This comes across more as hard-earned wisdom than bluster. Like Patrick, Duncan and Tyko have been playing in bands and overlapping side projects for years. Duncan says, “Here, you have to.”
Tyko, who builds acoustic guitars and folkdances on the side, agrees. “Then you know when it’s finished. Otherwise you have no real feel for it. By the book, it’s not enough.”
Duncan adds, “You’re always holding some kind of Platonic ideal of what a particular model could and should sound like, and you’re comparing it to the one that you’ve got in your hand…” He points to the table. “I’ve got a pretty good idea of how that Rickenbacker should sound, and I won’t be guessing. Everybody here has amassed a huge library of sounds in their head.”

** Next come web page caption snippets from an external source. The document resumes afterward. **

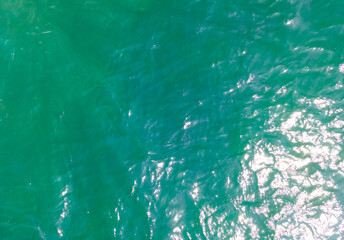 Aerial Drone photo. Beautiful turquoise green water background on summer sea beach. Relax and travel concept. Warm sunny weather.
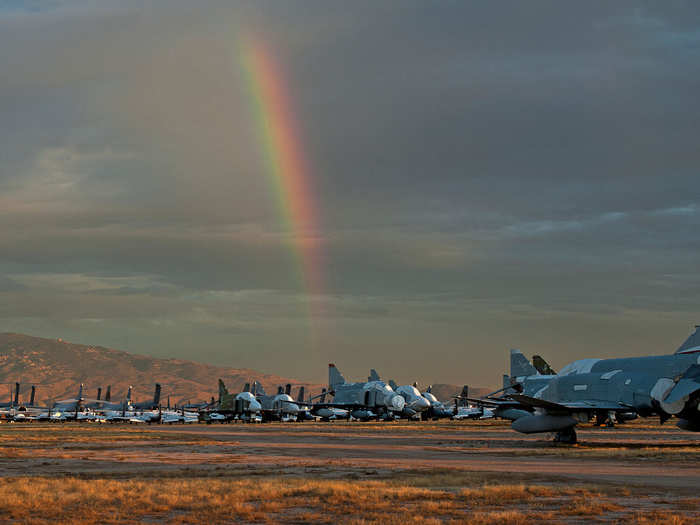 A rainbow peaks at the old unused fleet of F-4 Phantom fighters.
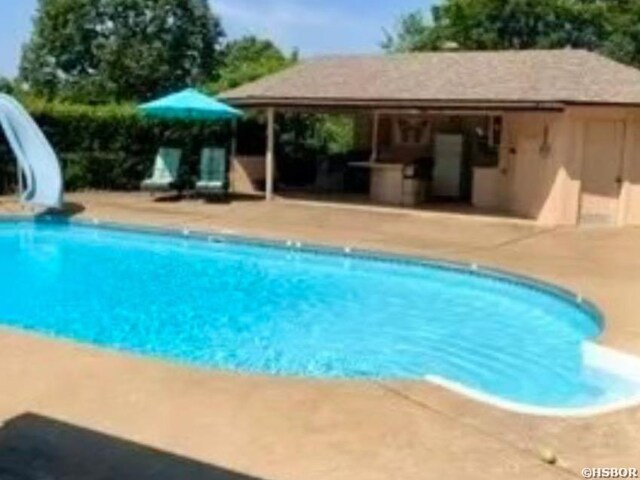 view of pool with a patio and a water slide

Tyko begins dismantling a sparkly turquoise number near the window, and Duncan walks over to take a look. Tyko gingerly probes the innards and points out the jack plugs, not unlike those used in old telephone switchboards.
Duncan goes back to the pick-up. Over the pulse of soldering, I ask him what a good day is.
“A good day is getting up in the morning and, while I’m eating my cornflakes, I’m thinking, ‘Oh, yeah, I’ve got to do that today,’ and I’ll immediately start thinking about it with a little part of my brain. And when I get here, I pick up the guitar and it’s just a complete, seamless kind of transition from coming to work and picking up the thing. You know exactly what you’ve got to do with it and you’ve actually planned the whole thing out. But I guess practically every day’s a good day.”
The soldering stops. Tyko lifts the jack plug to his face and squints. For a few seconds, the only movement comes from the swaying leaves outside the window. All these tools and scraps, all these machines and parts – but, sooner or later, it’s only about wood and wire and, in the right hands, the power of something much harder to name.